───── RECORDS PROVIDED ─────

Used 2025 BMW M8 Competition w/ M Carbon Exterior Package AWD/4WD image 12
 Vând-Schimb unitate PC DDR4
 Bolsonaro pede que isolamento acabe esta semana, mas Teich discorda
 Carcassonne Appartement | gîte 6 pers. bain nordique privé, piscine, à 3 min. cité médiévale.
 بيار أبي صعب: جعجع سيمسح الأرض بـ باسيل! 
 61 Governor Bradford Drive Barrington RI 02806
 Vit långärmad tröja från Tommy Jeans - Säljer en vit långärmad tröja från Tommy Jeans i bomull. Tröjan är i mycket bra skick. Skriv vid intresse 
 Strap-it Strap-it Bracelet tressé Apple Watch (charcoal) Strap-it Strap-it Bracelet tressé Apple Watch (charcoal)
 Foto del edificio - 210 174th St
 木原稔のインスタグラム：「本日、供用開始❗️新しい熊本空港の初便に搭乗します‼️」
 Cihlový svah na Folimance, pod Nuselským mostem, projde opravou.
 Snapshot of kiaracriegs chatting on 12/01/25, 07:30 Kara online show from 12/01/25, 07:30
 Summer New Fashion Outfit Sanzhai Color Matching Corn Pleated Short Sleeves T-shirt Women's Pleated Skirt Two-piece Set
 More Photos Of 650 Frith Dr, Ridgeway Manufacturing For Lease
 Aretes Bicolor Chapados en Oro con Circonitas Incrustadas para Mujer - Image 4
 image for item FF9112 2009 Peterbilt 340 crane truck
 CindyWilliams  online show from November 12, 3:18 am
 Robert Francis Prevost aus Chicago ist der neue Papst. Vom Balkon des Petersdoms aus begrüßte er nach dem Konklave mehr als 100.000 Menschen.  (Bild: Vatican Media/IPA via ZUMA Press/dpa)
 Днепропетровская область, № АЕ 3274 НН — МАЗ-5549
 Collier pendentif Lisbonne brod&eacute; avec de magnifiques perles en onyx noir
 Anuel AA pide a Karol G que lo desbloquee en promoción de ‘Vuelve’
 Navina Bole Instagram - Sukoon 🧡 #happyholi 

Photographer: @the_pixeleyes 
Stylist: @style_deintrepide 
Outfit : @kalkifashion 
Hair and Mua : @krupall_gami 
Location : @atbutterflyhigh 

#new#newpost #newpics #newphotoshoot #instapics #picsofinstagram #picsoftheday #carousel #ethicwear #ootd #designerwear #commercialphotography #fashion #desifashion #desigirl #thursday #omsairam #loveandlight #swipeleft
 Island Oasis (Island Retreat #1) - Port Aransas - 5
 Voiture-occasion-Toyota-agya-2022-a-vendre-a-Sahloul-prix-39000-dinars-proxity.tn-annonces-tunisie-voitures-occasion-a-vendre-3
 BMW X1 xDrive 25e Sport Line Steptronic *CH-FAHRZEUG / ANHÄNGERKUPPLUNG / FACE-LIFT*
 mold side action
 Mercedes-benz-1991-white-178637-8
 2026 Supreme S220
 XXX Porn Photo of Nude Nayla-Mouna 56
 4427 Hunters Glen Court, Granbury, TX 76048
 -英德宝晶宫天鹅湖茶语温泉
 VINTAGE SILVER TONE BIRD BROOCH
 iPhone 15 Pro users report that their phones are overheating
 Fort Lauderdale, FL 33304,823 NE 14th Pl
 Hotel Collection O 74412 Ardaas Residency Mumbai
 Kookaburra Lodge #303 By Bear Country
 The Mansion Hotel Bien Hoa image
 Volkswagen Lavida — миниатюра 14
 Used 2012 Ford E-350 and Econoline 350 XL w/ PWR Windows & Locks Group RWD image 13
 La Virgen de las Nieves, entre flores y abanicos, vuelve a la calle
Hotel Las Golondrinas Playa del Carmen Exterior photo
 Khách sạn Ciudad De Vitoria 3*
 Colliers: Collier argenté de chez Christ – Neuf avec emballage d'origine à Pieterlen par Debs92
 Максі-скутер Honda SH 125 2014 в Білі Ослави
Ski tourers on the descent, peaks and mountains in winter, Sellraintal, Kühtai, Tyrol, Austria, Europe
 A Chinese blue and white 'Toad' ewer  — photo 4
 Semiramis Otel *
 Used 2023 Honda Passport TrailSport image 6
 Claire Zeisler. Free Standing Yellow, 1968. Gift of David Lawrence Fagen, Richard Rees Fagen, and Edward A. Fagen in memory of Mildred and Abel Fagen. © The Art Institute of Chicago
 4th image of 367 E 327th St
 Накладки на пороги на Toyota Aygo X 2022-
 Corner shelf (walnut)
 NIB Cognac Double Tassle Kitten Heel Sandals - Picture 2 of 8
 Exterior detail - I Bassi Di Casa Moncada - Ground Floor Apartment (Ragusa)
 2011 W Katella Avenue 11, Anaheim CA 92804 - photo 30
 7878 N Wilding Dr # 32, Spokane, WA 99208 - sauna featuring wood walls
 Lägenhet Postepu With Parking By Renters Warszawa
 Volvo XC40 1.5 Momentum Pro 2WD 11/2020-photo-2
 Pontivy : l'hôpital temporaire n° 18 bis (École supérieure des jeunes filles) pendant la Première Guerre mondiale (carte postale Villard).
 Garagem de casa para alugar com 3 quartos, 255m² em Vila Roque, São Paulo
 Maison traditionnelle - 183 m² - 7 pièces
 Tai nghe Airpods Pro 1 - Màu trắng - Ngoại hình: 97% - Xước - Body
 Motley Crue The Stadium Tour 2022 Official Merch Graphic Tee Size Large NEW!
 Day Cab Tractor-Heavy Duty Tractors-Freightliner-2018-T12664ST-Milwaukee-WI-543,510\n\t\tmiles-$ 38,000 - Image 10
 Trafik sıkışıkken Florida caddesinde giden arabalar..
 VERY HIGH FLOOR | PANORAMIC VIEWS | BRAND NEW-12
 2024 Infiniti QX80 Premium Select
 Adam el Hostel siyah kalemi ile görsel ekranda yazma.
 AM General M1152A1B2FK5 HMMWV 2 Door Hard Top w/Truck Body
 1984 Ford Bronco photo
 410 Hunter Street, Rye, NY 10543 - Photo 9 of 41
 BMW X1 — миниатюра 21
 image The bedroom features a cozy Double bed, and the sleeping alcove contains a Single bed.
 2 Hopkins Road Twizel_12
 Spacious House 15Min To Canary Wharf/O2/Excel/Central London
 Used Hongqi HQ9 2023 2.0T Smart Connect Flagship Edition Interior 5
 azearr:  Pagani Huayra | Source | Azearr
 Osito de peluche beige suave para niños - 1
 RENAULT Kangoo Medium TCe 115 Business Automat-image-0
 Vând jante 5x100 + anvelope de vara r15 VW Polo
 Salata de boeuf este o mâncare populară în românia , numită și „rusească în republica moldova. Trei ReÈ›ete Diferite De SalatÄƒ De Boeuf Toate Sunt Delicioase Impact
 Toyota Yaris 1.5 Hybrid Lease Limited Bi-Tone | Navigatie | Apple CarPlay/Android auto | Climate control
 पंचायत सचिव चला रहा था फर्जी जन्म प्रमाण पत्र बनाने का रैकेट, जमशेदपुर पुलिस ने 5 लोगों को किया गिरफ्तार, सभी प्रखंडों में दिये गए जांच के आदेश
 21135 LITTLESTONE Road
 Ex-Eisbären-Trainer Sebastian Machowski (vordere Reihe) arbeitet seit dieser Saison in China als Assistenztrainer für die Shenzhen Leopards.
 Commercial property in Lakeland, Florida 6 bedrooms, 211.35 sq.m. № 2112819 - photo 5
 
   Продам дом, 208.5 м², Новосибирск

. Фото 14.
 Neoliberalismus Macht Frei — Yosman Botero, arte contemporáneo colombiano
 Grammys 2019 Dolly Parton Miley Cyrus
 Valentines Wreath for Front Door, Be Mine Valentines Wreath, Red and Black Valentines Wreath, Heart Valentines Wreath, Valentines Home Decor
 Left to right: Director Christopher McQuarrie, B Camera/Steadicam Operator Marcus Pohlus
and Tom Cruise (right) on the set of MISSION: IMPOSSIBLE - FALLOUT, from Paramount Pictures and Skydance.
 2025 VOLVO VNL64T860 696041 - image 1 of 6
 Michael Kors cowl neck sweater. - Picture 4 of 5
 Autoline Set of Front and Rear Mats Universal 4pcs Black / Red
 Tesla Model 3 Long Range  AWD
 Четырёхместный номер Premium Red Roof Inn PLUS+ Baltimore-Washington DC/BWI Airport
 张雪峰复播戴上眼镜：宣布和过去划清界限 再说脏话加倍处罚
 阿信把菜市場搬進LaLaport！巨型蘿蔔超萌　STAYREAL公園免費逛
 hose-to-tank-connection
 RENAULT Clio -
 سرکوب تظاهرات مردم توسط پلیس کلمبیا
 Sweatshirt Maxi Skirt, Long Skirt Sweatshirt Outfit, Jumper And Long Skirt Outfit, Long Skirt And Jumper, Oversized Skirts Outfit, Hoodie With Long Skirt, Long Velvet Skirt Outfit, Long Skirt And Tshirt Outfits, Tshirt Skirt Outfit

─────

■ WHAT THIS TASK INVOLVES ■
Could you please copy the lines of the listing above exactly, from its first line through the line bearing "Robert Francis Prevost", and nothing more?

■ ANSWER TO THIS PROBLEM ■
Used 2025 BMW M8 Competition w/ M Carbon Exterior Package AWD/4WD image 12
 Vând-Schimb unitate PC DDR4
 Bolsonaro pede que isolamento acabe esta semana, mas Teich discorda
 Carcassonne Appartement | gîte 6 pers. bain nordique privé, piscine, à 3 min. cité médiévale.
 بيار أبي صعب: جعجع سيمسح الأرض بـ باسيل! 
 61 Governor Bradford Drive Barrington RI 02806
 Vit långärmad tröja från Tommy Jeans - Säljer en vit långärmad tröja från Tommy Jeans i bomull. Tröjan är i mycket bra skick. Skriv vid intresse 
 Strap-it Strap-it Bracelet tressé Apple Watch (charcoal) Strap-it Strap-it Bracelet tressé Apple Watch (charcoal)
 Foto del edificio - 210 174th St
 木原稔のインスタグラム：「本日、供用開始❗️新しい熊本空港の初便に搭乗します‼️」
 Cihlový svah na Folimance, pod Nuselským mostem, projde opravou.
 Snapshot of kiaracriegs chatting on 12/01/25, 07:30 Kara online show from 12/01/25, 07:30
 Summer New Fashion Outfit Sanzhai Color Matching Corn Pleated Short Sleeves T-shirt Women's Pleated Skirt Two-piece Set
 More Photos Of 650 Frith Dr, Ridgeway Manufacturing For Lease
 Aretes Bicolor Chapados en Oro con Circonitas Incrustadas para Mujer - Image 4
 image for item FF9112 2009 Peterbilt 340 crane truck
 CindyWilliams  online show from November 12, 3:18 am
 Robert Francis Prevost aus Chicago ist der neue Papst. Vom Balkon des Petersdoms aus begrüßte er nach dem Konklave mehr als 100.000 Menschen.  (Bild: Vatican Media/IPA via ZUMA Press/dpa)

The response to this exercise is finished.